Now researchers in Germany have revealed how the predators' wings are specially adapted to allow noiseless flight.
Their supreme stealth is thanks, largely, to their ability to fly so slowly - with relatively little beating of their wings.
And the shape and size of the owls' wings enables this very slow flight.
Dr Thomas Bachmann from the Technical University Darmstadt in Germany recently presented his study of barn owl wings at the Society for Integrative and Comparitive Biology's annual meeting in Charleston, South Carolina.

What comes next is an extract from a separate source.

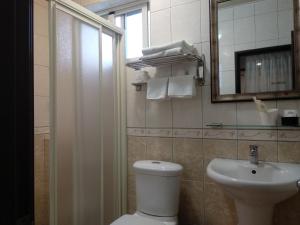 Koupelna v ubytování Ju Jia Xiao Zhan Homestay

- Barn owls can locate their prey in total darkness, using only their hearing
- The owls' heart-shaped face works in a similar way to humans' outer ears - collecting and directing sound toward the inner ears
- Each of a barn owls' two ears is a slightly different size and shape, and one is higher on the bird's head than the other. The owls can analyse the differences in the sound received by each ear to automatically calculate the exact position of that sound-source
He explained to BBC Nature that barn owls were highly specialised nocturnal hunters.
"They hunt mainly in the dark, so visual information is very limited.
"They use acoustic information to locate their prey."
Their silent flight helps them listen for the scurrying of the voles they hunt for, and also reduces their chances of being heard by the prey as they approach.
To find out how they managed to fly so slowly and quietly, Dr Bachmann examined the birds' wings in minute detail.
He examined the plumage and took 3-D medical scans of their skeletal structure.
The wings' most important features, he explained, were the high curvature or "camber" of the wings. This curvature means that each wing beat produces more lift.
This is because, Dr Bachmann explained, the air flow is accelerated over the upper surface the curved wing. "So the pressure drops," he said. "[And] the wing is sucked upwards into the lower pressure on the upper wing surface."
The feathery edges of each wing are also extremely fine - reducing any loud turbulence during flight, explained Dr Bachmann.
"Friction noise between single feathers is also reduced [by] their velvety surface," he told BBC Nature.
In fact, Dr Bachmann explained, "all the body parts of the owl are covered by very dense plumage - owls have more feathers than other similarly sized birds".
This soft, dense plumage absorbs other sounds the birds make as they fly.
Dr Bachmann and his team say their eventual aim is to use the structure of barn owl wings to inform the design of new, much quieter airfoils for the aviation industry.
"We're trying to understand the basic principles... that influence the airflow over aircraft and thus reduce noise," he explained.
"[But] we are far away from that point. Maybe in 20 years we can present such a wing.
"Until then, we will conduct many more experiments on owl wings."